Факел Геро. Часть 2 (СИ) - Астрович Ната. Страница 52
Как только девушка появилась на аллее, Зел позабыл о своих страхах. Теперь все его чувства и мысли были обращены к Елене. Хиона села на скамью рядом с деревом, за которым он прятался, и раб задрожал: они одни на тёмной аллее, и достаточно сделать пару шагов, чтобы коснуться её плеча. Зел вдруг почувствовал себя хищным животным, сидящим в засаде. Подобно зверю, он втянул воздух ноздрями, пытаясь уловить исходящий от Елены запах.

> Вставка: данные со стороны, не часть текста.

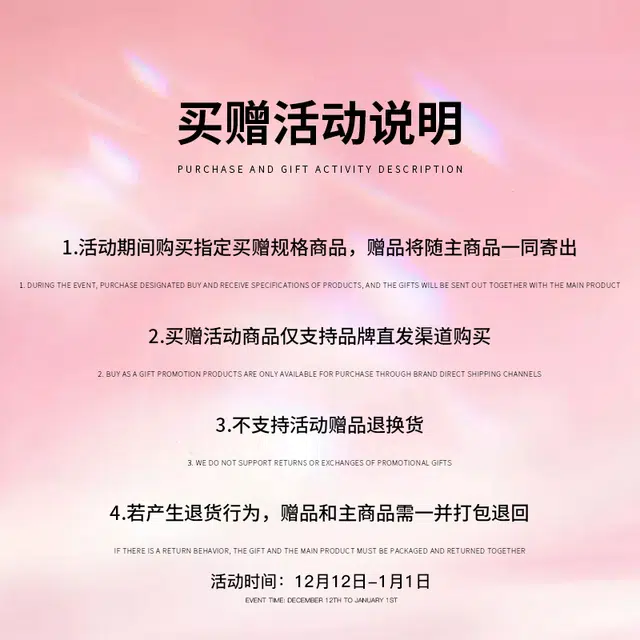 松本丧丧 细钻玫瑰丝绒开叉设计复古时尚收腰显瘦长袖连衣裙 女款 黑色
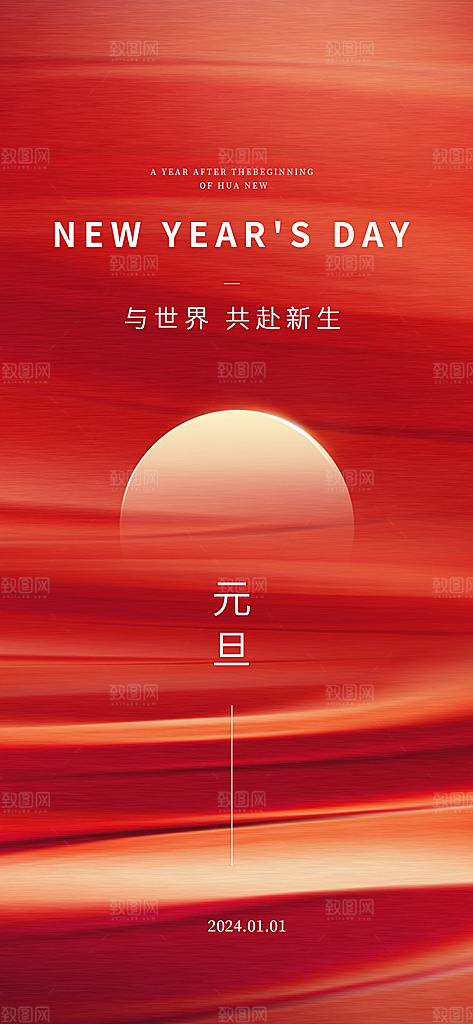 红色大气元旦新年互联网创意视觉刷屏海报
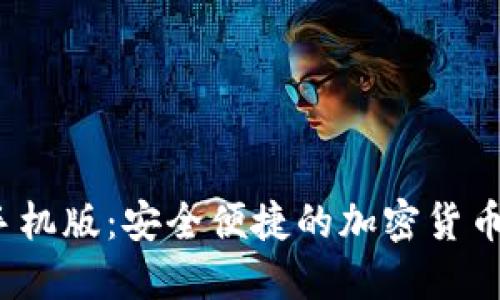 Gate.io官方手机版：安全便捷的加密货币交易平台应用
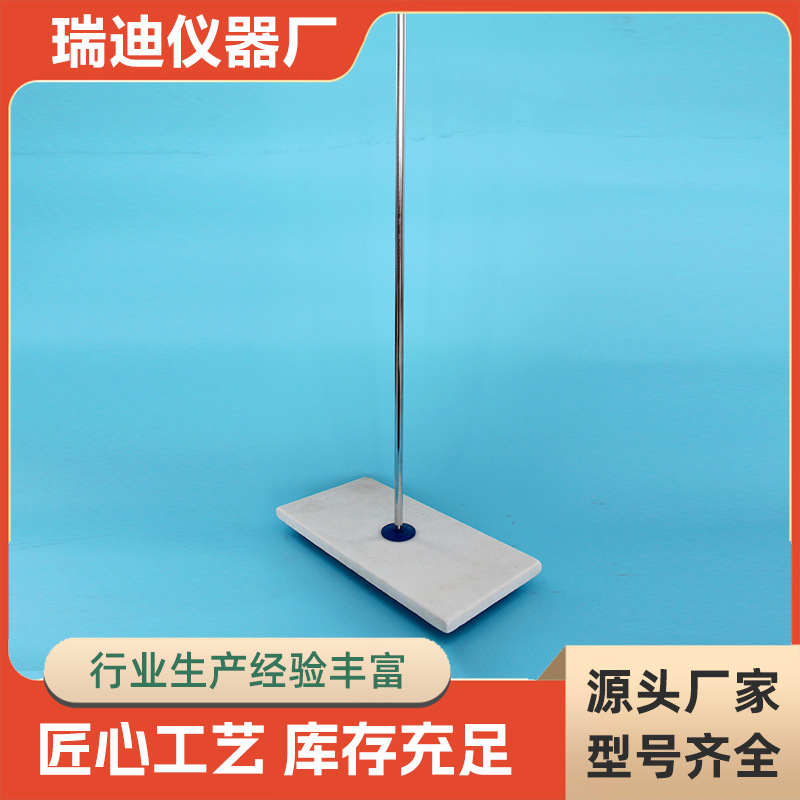 滴定台玻面滴定管台玻璃滴定台塑料滴定夹蝴蝶夹实验耗材多功能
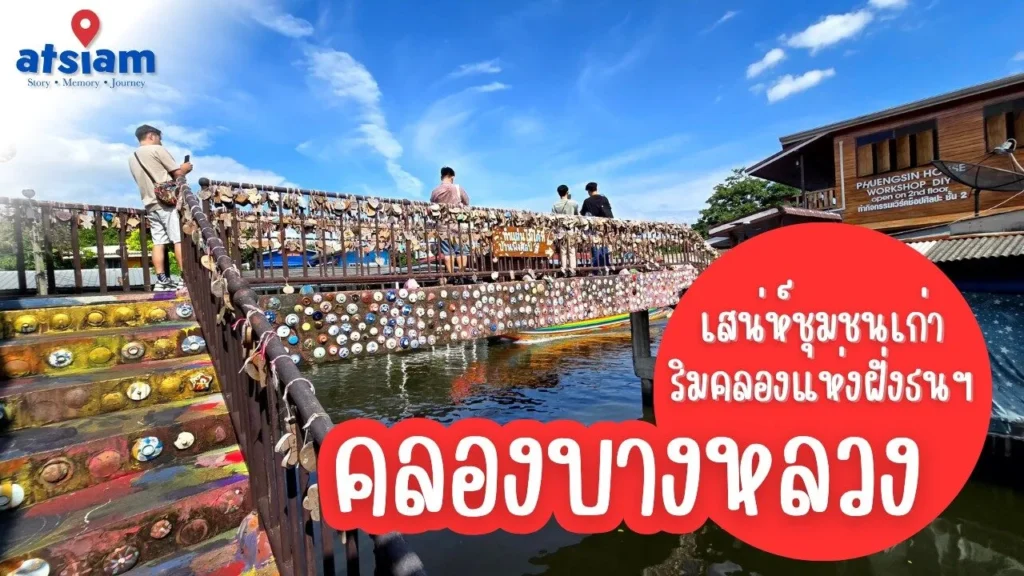 คลองบางหลวง เสน่ห์ชุมชนเก่าริมคลองแห่งฝั่งธนบุรี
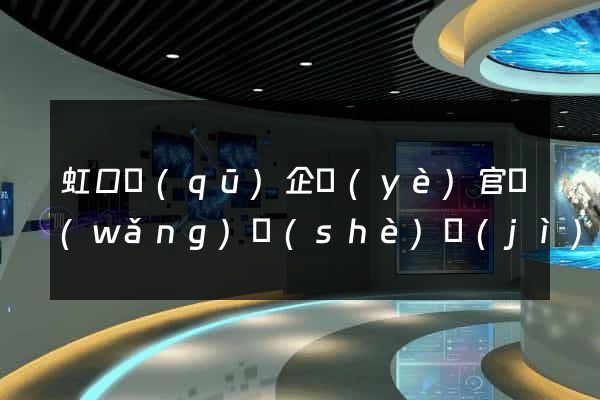 虹口區(qū)企業(yè)官網(wǎng)設(shè)計(jì)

Девушка обернулась, и Зел замер, боясь обнаружить своё присутствие. Он не дышал, пока она смотрела в его сторону, но как только Хиона отвернулась, снова подумал о том, что сейчас девушка совершенно беззащитна перед ним.
Непонятный всхлип нарушил тишину ночного сада. Встревоженный Зел покрутил головой, чтобы определить источник звука, и обомлел… Елена плачет? Разве чародейки умеют плакать?
Но не успел Зел подивиться своему открытию, как заметил в глубине аллеи тёмный силуэт.
4.
Идоменей к вечеру находился в приподнятом настроении. Сегодня была отгружена последняя партия зерна, предназначенная для продажи. Завтра на рассвете обоз тронется в путь. Завершена огромная работа, и теперь позволительно немного расслабиться.
После ужина хозяин Тритейлиона вновь вернулся к раздумьям о том, чтобы провести зиму в Прекрасной Гавани. Федре можно объяснить своё решение необходимостью участвовать в заседаниях Городского Совета, и это правда: архонт города чуть ли ни каждый день слал приглашения.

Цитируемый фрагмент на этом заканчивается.